Office of Justice Programs Technology Grant to Smith and Wesson, Inc., Springfield, Massachusetts

Audit Report GR-70-05-012
May 2005
Office of the Inspector General

Executive Summary

The Office of the Inspector General, Audit Division, has completed an audit of a smart gun technology grant awarded by the Office of Justice Programs (OJP) to Smith and Wesson, Inc. The goal of the smart gun technology project is to apply user recognition and authorization, or “smart” technologies, to prevent an unauthorized user from firing a law enforcement officer’s handgun. Between May 2000 and December 2004, OJP awarded Smith and Wesson a grant totaling $3,082,477 to develop and test 50 prototype electronically-fired handguns and to research possible biometrics that would fit inside a handgun. According to an OJP official, the smart gun technology project is not completed, but the work Smith and Wesson has done will further advance the technology.
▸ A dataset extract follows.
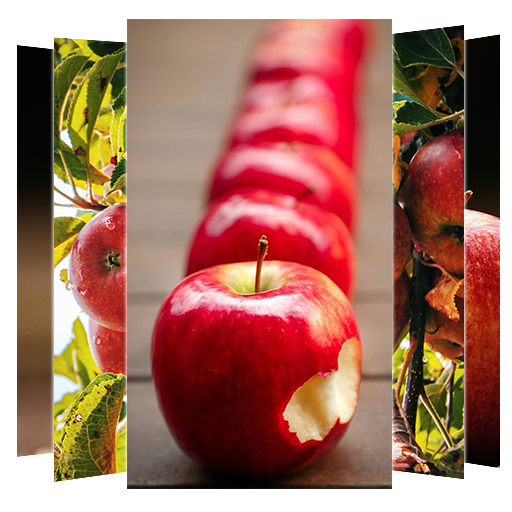 Apple Wallpaper icon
Smith and Wesson has developed an electronically-fired handgun using access code technology.1 The access code technology uses a 5-digit pin number to activate the handgun. Testing of the handgun demonstrated that the prototype functioned in various environments: commercial, industrial, and high voltage. Testing the prototype in these environments is important to ensure that the handgun would not misfire if exposed to the magnetic fields within these environments. At the time of our audit, Smith and Wesson was finalizing the miniaturization of the handgun electronics for later insertion of biometrics, which Smith and Wesson continues to research. In a letter dated March 21, 2005, Smith and Wesson said that the miniaturization phase of the project was completed and prototypes were built to show the completed work. However, the biometrics research will continue.

We found that Smith and Wesson generally complied with grant requirements. We reviewed its compliance with six essential grant conditions and found material weakness in two of the six areas: budget management and control and grant drawdowns.
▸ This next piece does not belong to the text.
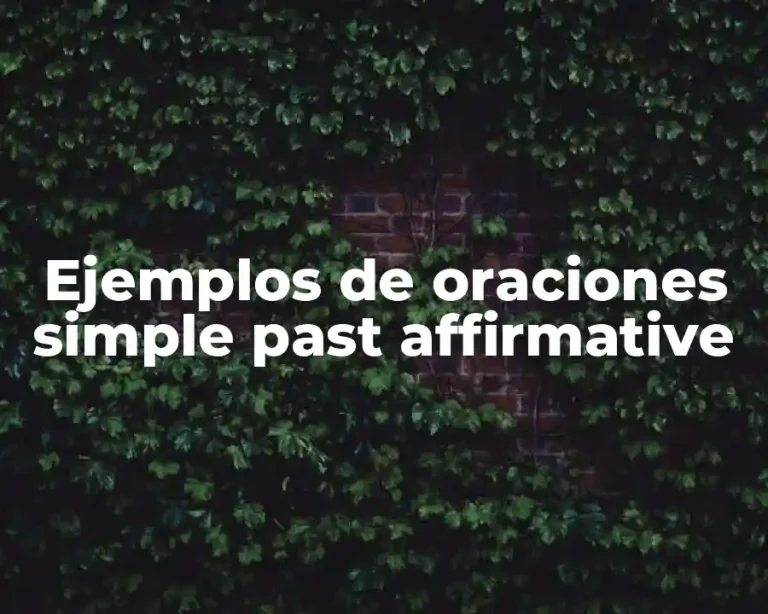 Ejemplos de oraciones simple past affirmative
As a result of the deficiencies identified below, we recommend $36,218 of grant funds be put to better use.2

  • Smith and Wesson transferred funds between direct cost categories in excess of 10 percent of its total budget without prior OJP approval.

  • Smith and Wesson did not obligate all grant funds prior to the end date of the grant.
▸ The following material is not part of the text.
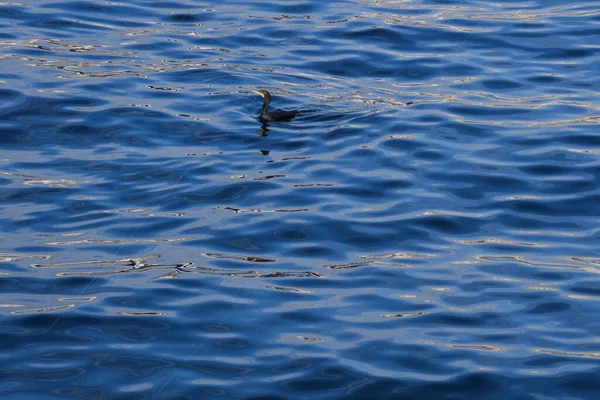 Patos Nadando Lago — Fotografia de Stock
This item is discussed in detail in the Findings and Recommendations section of the report. Our audit objectives, scope, and methodology appear in Appendix I.

We discussed the results of our audit with Smith and Wesson officials and have included their comments in the report as applicable. In addition, we requested a response to our draft audit report.


  1. An electronically-fired handgun involves a bullet-stacked cylinder fired by electric impulse instead of moving parts and heavy magazines.

  2. The Inspector General Act of 1978, as amended, contains our reporting requirements for questioned costs and funds to better use. However, not all findings are dollar-related. See Appendix II for a breakdown of our dollar-related finds and for a definition of funds to better use.